SAP、企業がSOX法に対応するための新製品をリリース

» 2005年10月25日 12時36分 公開
[怒賀新也,ITmedia]

 SAPジャパンは10月25日、都内で記者発表会を行い、施行が予定されている日本版SOX法に企業が対応するための新製品「SAP Compliance Calibrator by Virsa Systems」(SAP CC)をリリースすると発表した。主力ERP製品であるmySAP ERPとVirsaのソフトウェアをベースとするSAP CCを連携させることで、日本版SOX法への対応を図ろうとする企業をツールセットの提供などを通じて支援していく。

 SAPが米Virasa Systemsと連携して新たな製品を提供する理由は、権限設定をユーザーに依存するなど、SAPが従来提供してきた内部統制ソリューションには対応できなかった機能を補完するためだという。Virsa製品を活用することにより、不正取引の観点から権限設定が適切かどうかなどを自動的にチェックするなど、プロアクティブな対応が可能になるとしている。

 SAPジャパンのロブ・エンスリン社長は、「米国からは“SOX法対応に莫大なコストがかかった”“手間がかかるだけで何の価値ももたらさない”といったネガティブな情報が伝えられることもあるが、実際には、SOX法対応は企業がさまざまな改革を実行する好機である」と強調する。

8月1日にSAPジャパンの社長に就任したロブ・エンスリン氏

 具体的には、社内の業務プロセスの見直しと最適化、効率的な内部統制システムの構築、株主価値の向上、企業リスクの管理への対応などを挙げられる。

 SOX法(米国起業改革法)の目的は、SEC登録企業の財務報告にかかる開示制度の信頼性を高め、資本市場における投資家を保護すること。301条では匿名の内部通報制度、302条でCEO/CFOによる財務報告の宣誓(違反の場合は巨額の罰金、刑事罰処分も)、404条では財務報告かかる内部統制の経営者評価を規定し、経営者に自社の内部統制の妥当性を証明させようとしている。

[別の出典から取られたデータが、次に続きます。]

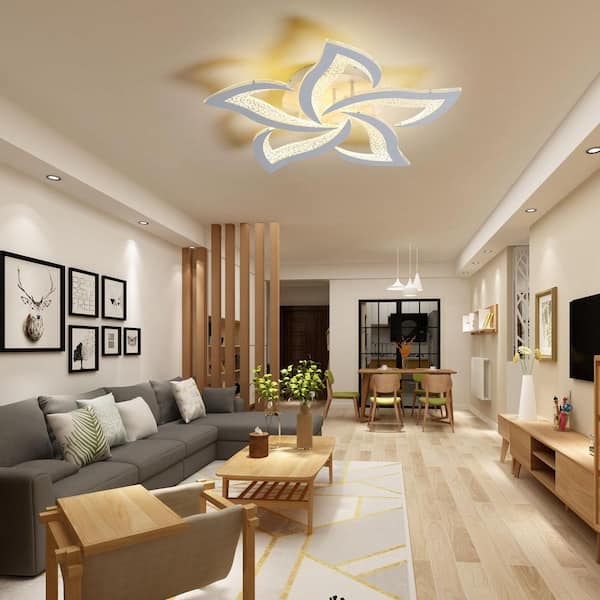 Genoci 23.6 in. 48-Watt Modern Flower White Dimmable Integrated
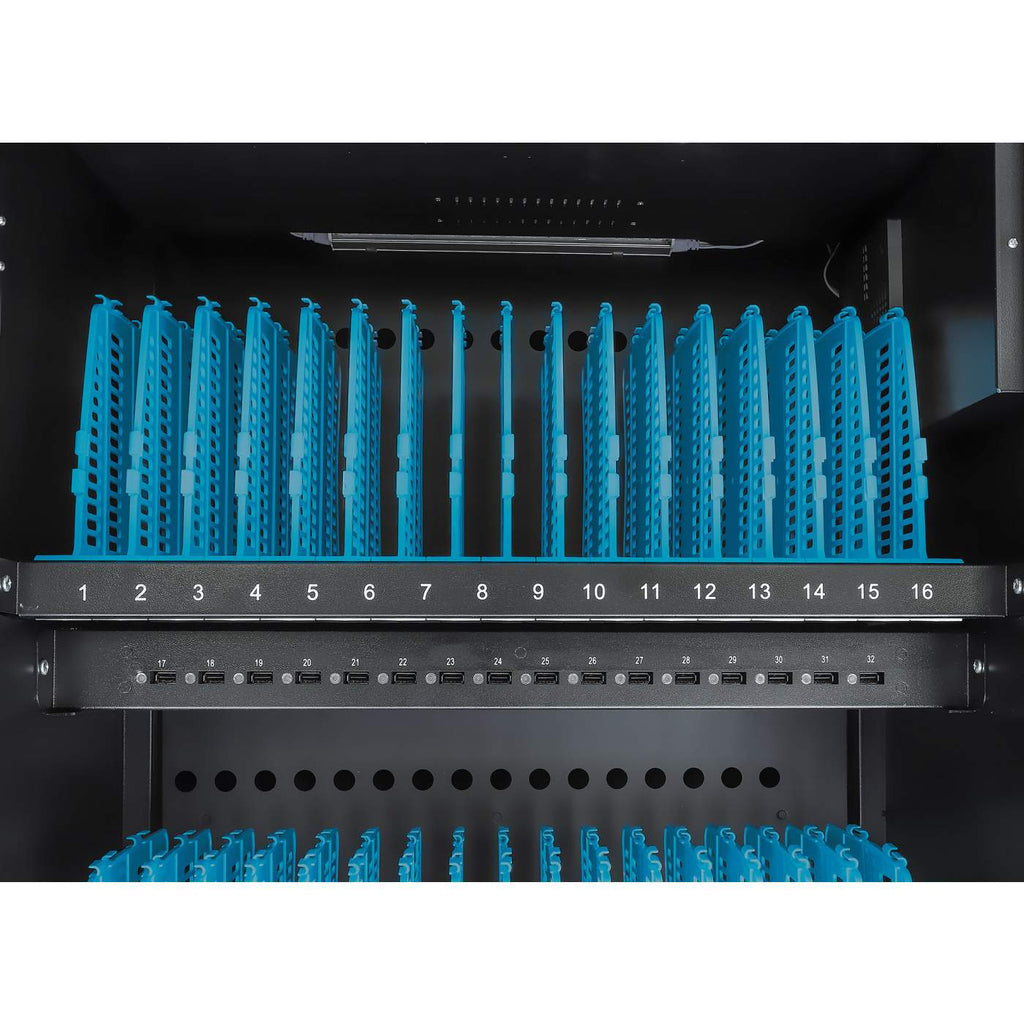Manhattan Carrito de carga UVC con 32 puertos USB-A y 32 tomas de corriente alterna Laptop Piso 38 mm 3 mm 28 mm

 同社の藤原浩CFO兼COOは、米国でのSOX法の影響について、「米国における2004年12期の決算では上場企業の10%が内部統制の重大な欠陥を報告し、開示企業の半数以上のCFOが交代したと言われている」と話し、SOX法が企業に与える影響力の大きさを伝えている。また、同社が開催するSOX法に関するセミナーへの参加者が、IT担当者ではなく、内部監査担当者などが中心になってきているとも述べた。

 「日本版SOX法が施行された場合、日本企業にも同じことが起こると考えてもおかしくない」(藤原氏)

 このような状況で、SAPは、「経営改革のつもりで全社的にSOX法に取り組み、長期的な視点に立ってERPをはじめとしたIT活用に取り組むべき」という姿勢で市場に対応していく考えだ。ERPの完成度を高めることで、内部統制の対象となる主要なビジネスプロセス(会計、販売、購買、生産、人事)に関するデータが統合されたり、二重入力の防止によるデータ品質の確保を図れたりといった面で、統合性のメリットを享受できるという。

 また、会計データから発生源のデータまで容易に遡及できることによる透明性の確保も利点として挙げられる。

Virsaのジャスビス・ギルCEOは、「Virsaは1996年の設立以来、250社を超える企業にコンプライアンスソリューションを提供してきた」と自信を見せている

 なお、SAP CCのライセンス費用はmy SAP ERPのライセンスには含まれないとしている。